┌────────
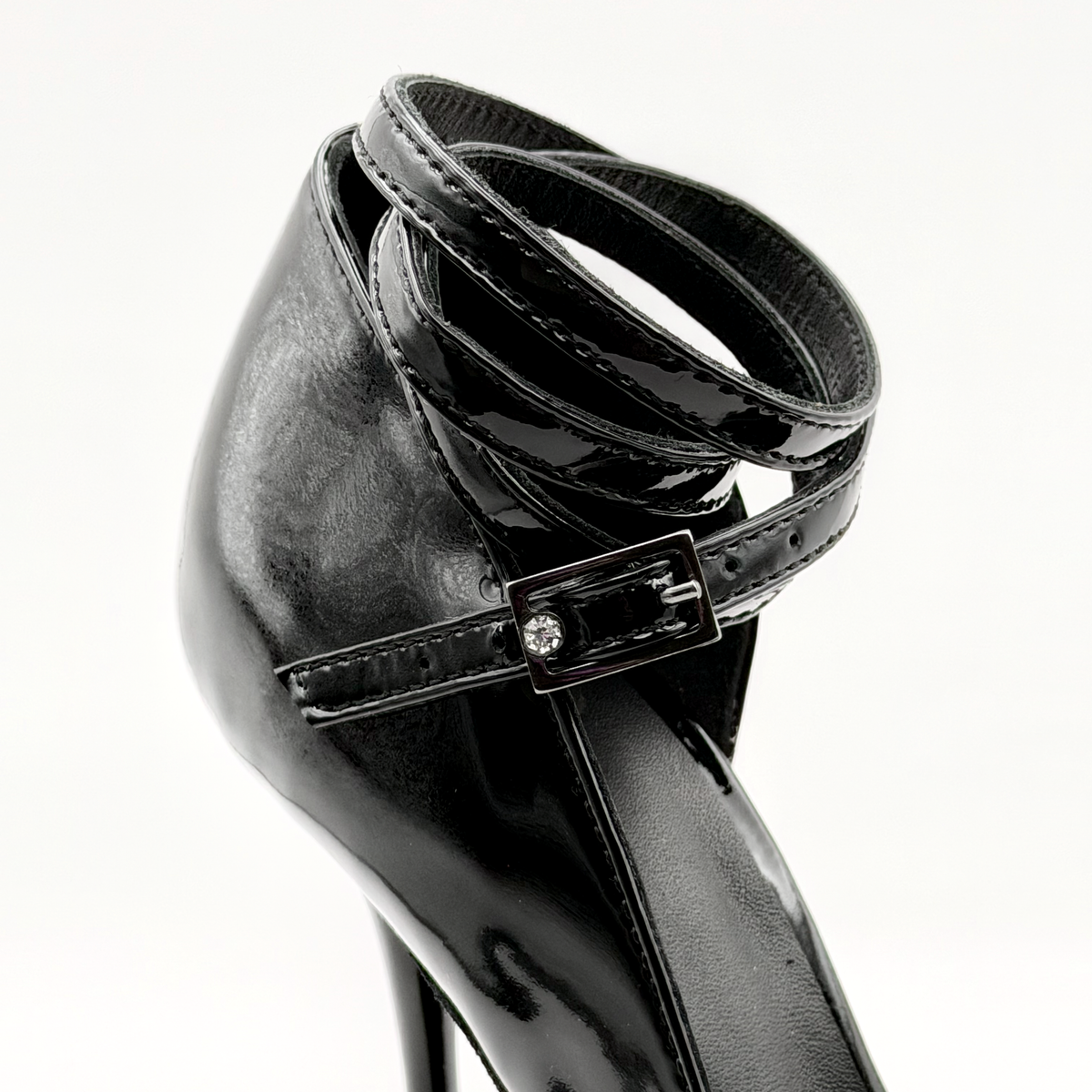 Close-up of the gunmetal rhinestone buckle and black patent wrap strap on the Akvile Noir tango heel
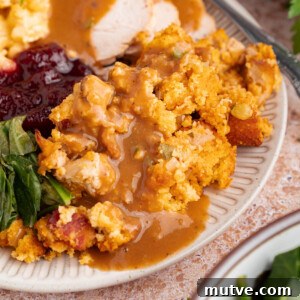 Classic Southern Cornbread Dressing 11 Cornbread dressing on a plate with turkey, cranberry sauce, greens and mashed potatoes.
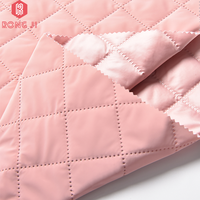 Remise 100% polyester 290gsm Release Emboss avec 300T Semi Dull Taffetas Cire imperméable ton à ton tissu pour doudoune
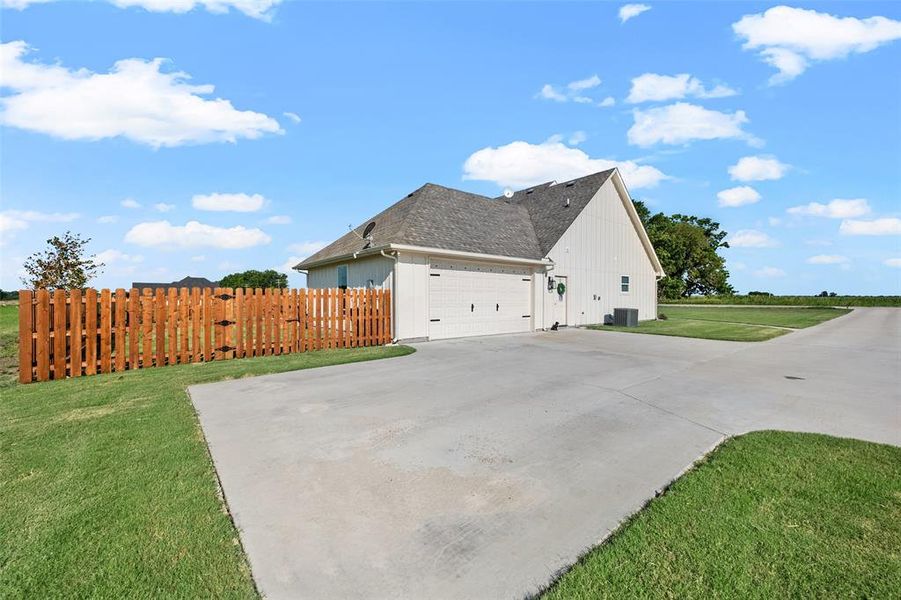 View of home's exterior with a side entry garage and a lawn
└────────
§ Task prompt
Each line above gets copied exactly; leave the pictures out.

§ Solved problem
 Close-up of the gunmetal rhinestone buckle and black patent wrap strap on the Akvile Noir tango heel
 Classic Southern Cornbread Dressing 11 Cornbread dressing on a plate with turkey, cranberry sauce, greens and mashed potatoes.
 Remise 100% polyester 290gsm Release Emboss avec 300T Semi Dull Taffetas Cire imperméable ton à ton tissu pour doudoune
 View of home's exterior with a side entry garage and a lawn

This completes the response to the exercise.